The Joint Special Representative when briefing the UNSC in April 2019 stated that the political situation in Sudan has changed significantly and has the potential to affect the implementation of its mandate going forward. However Sudan’s representative emphasized the domestic nature of events unfolding in the country since December, hence there is no justification for the Council to discuss the matter. During the briefing the US highlighted the need for upcoming strategic review of UNAMID to take into account the impact of recent events on Darfur, including the Government’s ability to protect and provide for the region’s people. Moreover, the representative stated that in a situation where the Government is unable to provide protection, the US is in favour of the Council considering all options.

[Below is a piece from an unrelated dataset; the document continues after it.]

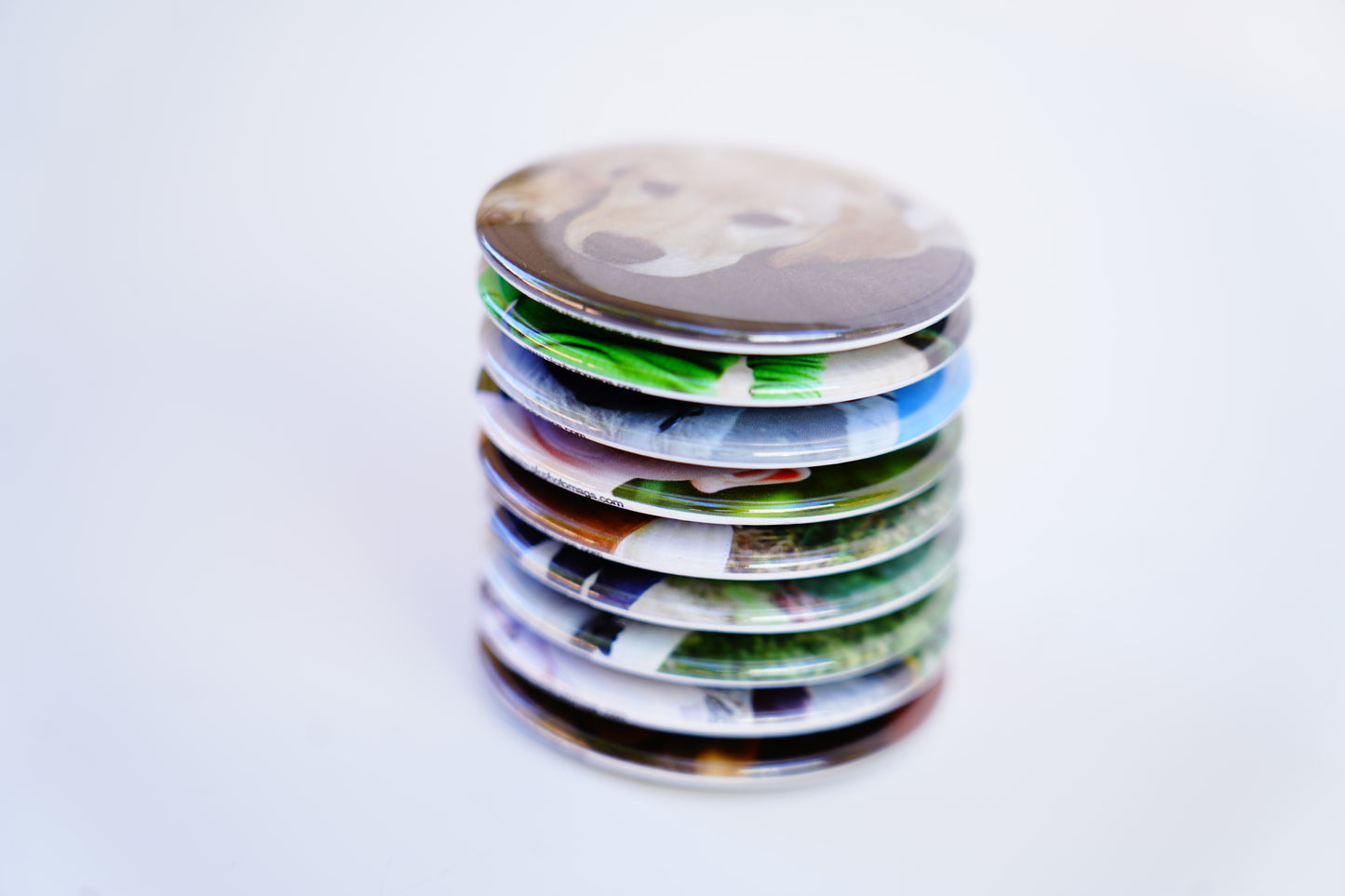 Stack of custom 2-inch circle photo magnets – premium printed finish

After this last briefing to the UNSC, the political and security situation has deteriorated. The excessive use of force that was used to disband the sit-in camps near the headquarters of the army. Following these developments Sudan has also been suspended from the AU. Following the diplomatic efforts of
Ethiopia’s Prime Minister Abiy Ahmed on 7 June, the TMC arrested leading opposition leaders after
their meeting with Ahmed. In June the UNSC will also hold a session on the UNAMID mandate renewal. This PSC session is expected to be informed by its previous decisions on Sudan given that the on going instability will continue to have direct impact on the situation in Darfur and the troop drawdown. Hence, the session will be key to set the tone ahead of the UNSC session in late June on the question of the kind of adjustment, if any, that needs to be made in the implementation of the drawdown.

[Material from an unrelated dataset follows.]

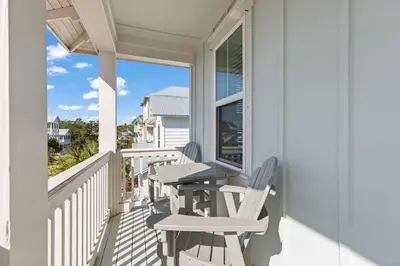 a porch with chairs and a table and a window at Casa Del Sol - Inlet Beach in Inlet Beach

The outcome of the session will be a communiqué. This will present the PSC to reconsider the ongoing implementation of drawdown and reconfiguration of UNAMID in light of the recent developments. The PSC is expected to renew the mandate of UNAMID for another twelve month. Another issue for PSC decision is the adjustment of the process of withdrawal until the situation not only in Darfur but also in the country improves. In this respect, the PSC may, among others, consider slowing down of the drawdown while tasking a joint AU and UN review of the situation in Sudan and its implications on UNAMID. The PSC may also pronounce itself on the issue of the handing over of UNAMID facilities to the RSF, which will be contrary to the plan for using the facilities for civilian purposes.